G. Heinz
One of the first questions when developing the theory of waves on nerves - interference networks - was about the pulse delay of ordinary meat. Can ionic conduction in meat delay nerve-like impulses?
Therefore, in September 1992, before the thumb experiment, the very first experiment was made with a pork schnitzel. The result was as predictable as the amen in church. So I have forgotten to note this experiment until now. Apparently, interested readers have the same question when familiarizing themselves with interference networks.
Can ordinary meat delay electrical signals, or is this a special feature that only nerves can achieve? The 1992 experiment was recreated. Back then, a simple, single-channel tube oscilloscope with a cutoff frequency of 125 kHz was used. Today, a modern USB oscilloscope is used. However, the result is the same.
A square-wave generator RG1 in Fig. 1 generates a square-wave signal at 125 kHz with an amplitude of 4 volts. It creates a series of positive, rectangular pulses, each lasting 4 microseconds - shorter than any known pulse from the nervous system. This makes it possible, to make even the smallest delay visible - if it exists.
The signal is attenuated by a 100 kΩ resistor R1. The oscilloscope is connected to the square-wave generator with the blue channel, and to electrode E1 with the red channel, see Fig. 1.
On the meat (pork cutlet) in Fig. 2, a capacitance C (not shown) is placed between the test electrodes E1 and E2, creating an RC element. The meat also has a resistance R (not shown), which provides additional attenuation. The meat layer is approximately 4 cm thick.
The electrodes were made of aluminum foil, measuring 2 x 2 cm, and are attached to the underside of a transparent plastic sheet with double-sided adhesive tape at 10 cm intervals. Staples connect the leads on the top panel.
Fig. 1: Schematic of the setup. The square-wave generator RG1 is set to 125 kHz. Two channels of the oscilloscope OSZ1 are connected to the series resistor R1.
Fig. 2: Muscle meat (pork schnitzel) with electrodes attached to it
Fig. 3:Oszillogram without meat - Channels A (blue) and B (red) are both set to +/- 5 Volts, the time axis is divided in 10 µs/div
Fig. 4: Oszillogram with meat - Channel B (red) is now set to +/- 1 Volt. There is no delay between the blue and red channel.

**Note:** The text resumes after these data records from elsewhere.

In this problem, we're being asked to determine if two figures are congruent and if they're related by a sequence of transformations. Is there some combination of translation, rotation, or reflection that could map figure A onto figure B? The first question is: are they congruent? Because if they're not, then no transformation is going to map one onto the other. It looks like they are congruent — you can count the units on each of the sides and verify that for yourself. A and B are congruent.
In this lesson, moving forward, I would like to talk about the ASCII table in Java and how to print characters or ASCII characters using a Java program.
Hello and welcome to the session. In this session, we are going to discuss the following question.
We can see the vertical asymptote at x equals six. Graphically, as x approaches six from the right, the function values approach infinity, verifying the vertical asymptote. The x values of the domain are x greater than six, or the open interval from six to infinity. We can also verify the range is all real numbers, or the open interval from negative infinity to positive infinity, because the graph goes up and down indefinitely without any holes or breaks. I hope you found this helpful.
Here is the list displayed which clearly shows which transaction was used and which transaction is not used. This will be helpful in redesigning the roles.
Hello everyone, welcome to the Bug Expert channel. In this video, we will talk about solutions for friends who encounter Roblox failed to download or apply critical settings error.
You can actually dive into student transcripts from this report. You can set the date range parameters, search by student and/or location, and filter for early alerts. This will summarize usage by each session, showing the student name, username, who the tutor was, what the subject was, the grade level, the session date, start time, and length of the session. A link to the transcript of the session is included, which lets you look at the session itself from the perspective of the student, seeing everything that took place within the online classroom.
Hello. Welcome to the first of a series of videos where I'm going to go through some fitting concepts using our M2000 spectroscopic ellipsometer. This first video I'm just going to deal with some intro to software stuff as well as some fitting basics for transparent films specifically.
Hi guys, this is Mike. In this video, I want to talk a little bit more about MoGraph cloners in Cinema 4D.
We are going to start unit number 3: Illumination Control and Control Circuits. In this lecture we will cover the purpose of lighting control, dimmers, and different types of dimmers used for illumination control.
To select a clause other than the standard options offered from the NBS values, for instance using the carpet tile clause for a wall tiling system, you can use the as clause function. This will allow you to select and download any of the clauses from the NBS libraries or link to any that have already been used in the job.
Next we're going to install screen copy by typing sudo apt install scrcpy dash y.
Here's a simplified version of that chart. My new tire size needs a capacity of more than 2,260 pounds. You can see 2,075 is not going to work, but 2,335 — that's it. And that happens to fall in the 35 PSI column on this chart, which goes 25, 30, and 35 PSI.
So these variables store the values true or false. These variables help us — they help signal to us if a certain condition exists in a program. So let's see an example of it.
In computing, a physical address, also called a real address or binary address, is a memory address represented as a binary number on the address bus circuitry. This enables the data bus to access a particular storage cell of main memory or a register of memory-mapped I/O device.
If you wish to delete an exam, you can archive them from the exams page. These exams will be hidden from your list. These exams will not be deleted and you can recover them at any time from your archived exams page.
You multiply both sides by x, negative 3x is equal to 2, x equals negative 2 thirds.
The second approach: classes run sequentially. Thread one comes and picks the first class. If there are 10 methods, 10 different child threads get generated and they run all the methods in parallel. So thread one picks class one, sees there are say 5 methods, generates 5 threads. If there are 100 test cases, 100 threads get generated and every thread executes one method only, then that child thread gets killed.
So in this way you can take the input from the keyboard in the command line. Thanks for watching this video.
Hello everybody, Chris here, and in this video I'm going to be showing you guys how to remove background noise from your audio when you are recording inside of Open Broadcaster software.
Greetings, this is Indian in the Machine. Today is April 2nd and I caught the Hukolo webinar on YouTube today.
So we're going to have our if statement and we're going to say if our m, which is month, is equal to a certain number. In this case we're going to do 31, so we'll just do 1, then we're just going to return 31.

While without the meat (Fig. 3), an RC-element is created whose dominant C originates from the measurement setup, with the meat underneath the electrodes, we see a nearly identical waveform (Fig. 4). However, with one peculiarity: The amplitude is reduced by the meat to about one-fifth. The meat represents an attenuation of approximately 0.7 Vpp to 3.4 Vpp, equal to 0.2. This results in an equivalent resistance of the meat of 100 kΩ times 0.2, equal to 20 kΩ.
Surprisingly, the signal shape changes practically not; the capacitance of the meat has almost no effect. On the contrary: With the meat, the arrangement becomes a lower impedance, and the edges (red) appear somewhat steeper in Fig. 4 compared to Fig. 3. A slight negative shift of the signal at E2 is also noticeable, which is probably caused by a rectifying effect of the aluminum foil with the meat.
Comparing the corners of red and blue signals in Fig. 4, it becomes clear that meat shows no trace of any signal delay. In meat, we are dealing with a simple RC-element, a parallel circuit of resistance R and capacitance C.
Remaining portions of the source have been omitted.